In this market development a parallel exists with library automation systems. These systems began as local solutions but quickly looked for broader markets. A few, like the venerable MELVYL System for the University of California, remained local. Other systems, like Innovative Interfaces Inc. (III), began not as fully integrated library automation systems, but as a vendor that solved a particular problem exceptionally well and cost effectively, and only slowly expanded to incorporate other functions. Today III is one of the most successful full–system vendors. Long–term archiving systems seem poised to follow a similar path. The likelihood of a single solution prevailing nationally or internationally seems small.

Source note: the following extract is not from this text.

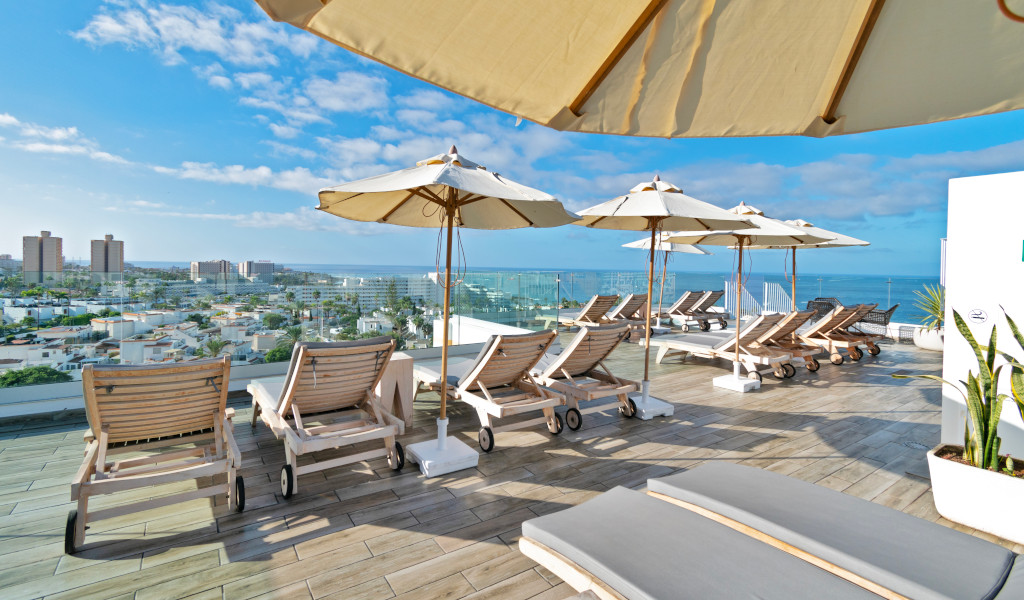 Sun loungers and umbrellas on a rooftop terrace overlooking Los Cristianos, Tenerife.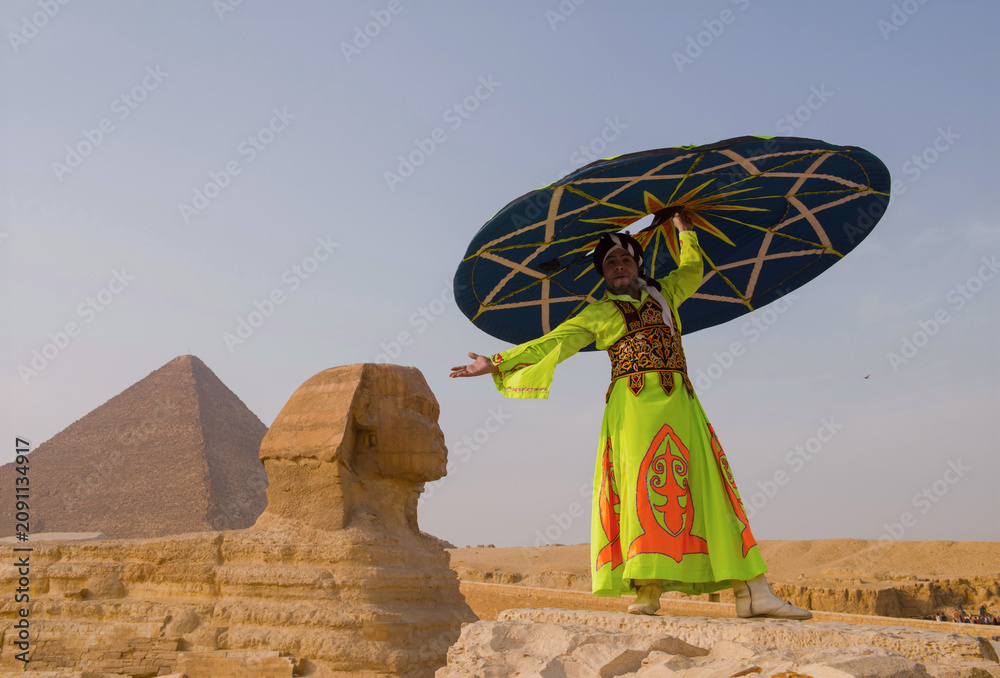 Fototapeta premium Sphinx performer in vivid neon robe raises large teal decorative disc overhead beside Great Sphinx at Giza plateau desert Egypt cultural tourism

In this market context interoperability is important, but it is far from easy to achieve. All agreed on the need for common standards, well–defined interfaces and good documentation. Standards help especially when developed within an experimental context that shows whether they work. The following sections of this article look at how interoperability might be implemented.

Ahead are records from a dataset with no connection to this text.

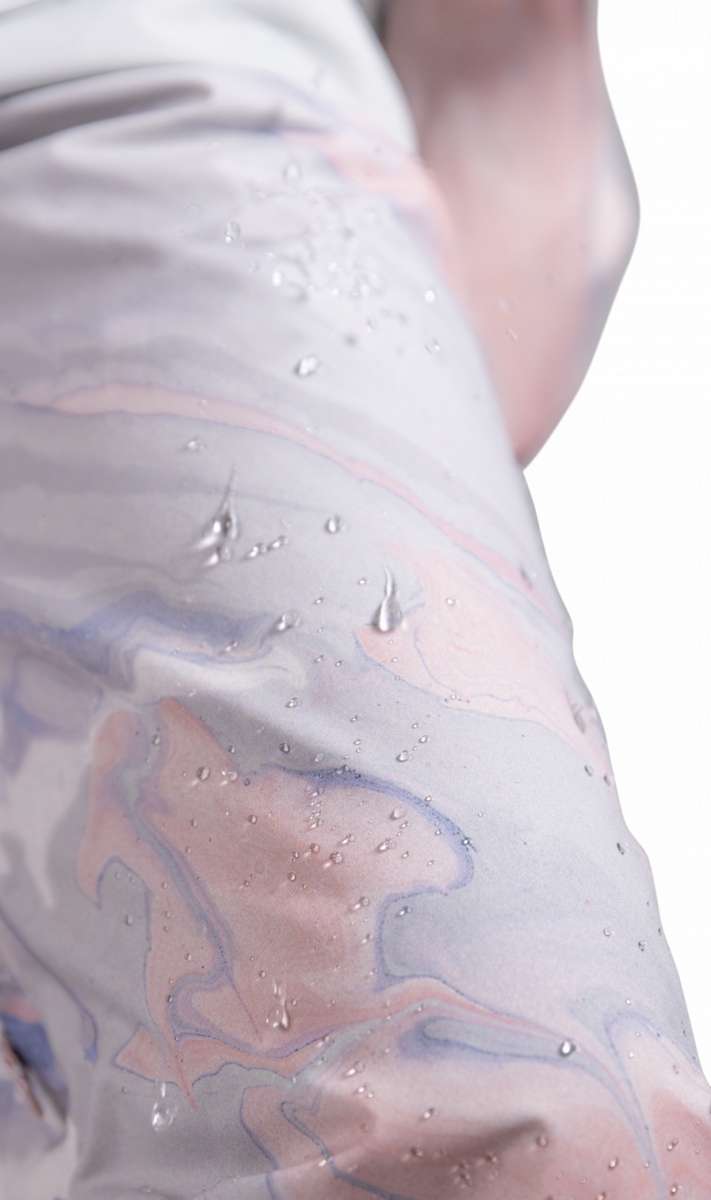 Roxy Women's Chloe Kim Insulated Pant 2023 - White snow pants with a subtle marbled pattern of blue and pink swirls.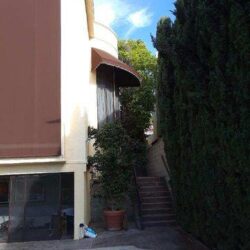 yellow house with pool and brown awnings for window - custom awnings - custom awnings near me - custom awnings for decks - custom awnings for business - custom door awnings near me - spear awnings - aluminum awnings - dome awnings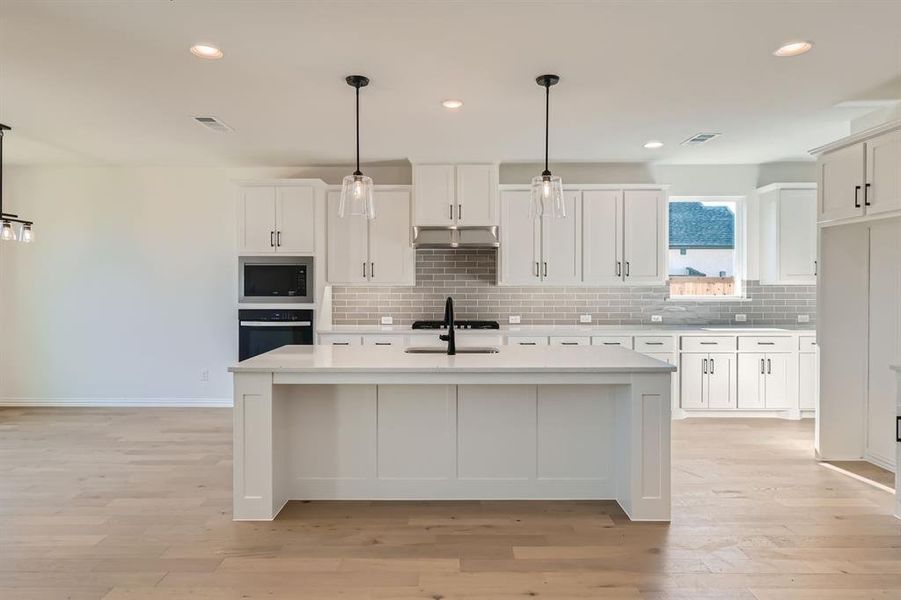 Kitchen featuring white cabinetry, stainless steel oven, pendant lighting, and an island with sink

Interoperability testing: Testbed data

One of the first requirements for interoperability testing is a body of materials that may be used. This is far from trivial, since the copyright permissions that enable archiving systems to ingest the works do not automatically allow their ingest into another system. Getting permission from rights holders is a slow and expensive process and not practical on any large scale.

One potential solution to this problem is to test the interoperability of metadata. It was clear from the discussion that most systems store metadata such as JHOVE (JSTOR/Harvard Object Validation Environment at http://hul.harvard.edu/jhove/) to describe the digital objects that they store and that they regard this metadata as important to their concept of the archiving process. This metadata is less sensitive to copyright issues and is more easily shared. Exchanging bibliographic metadata is more or less a routine job, but exchanging objects within a metadata “shell” in a dedicated package like METS is a challenge. Portico and KB e–Depot use relatively similar metadata and share a view of its importance. They are about to set up an archive preservation agreement with each other. LOCKSS takes a different view of the role of metadata and considers the look and feel of the historical context a critical piece of intellectual content (Reich, 2007).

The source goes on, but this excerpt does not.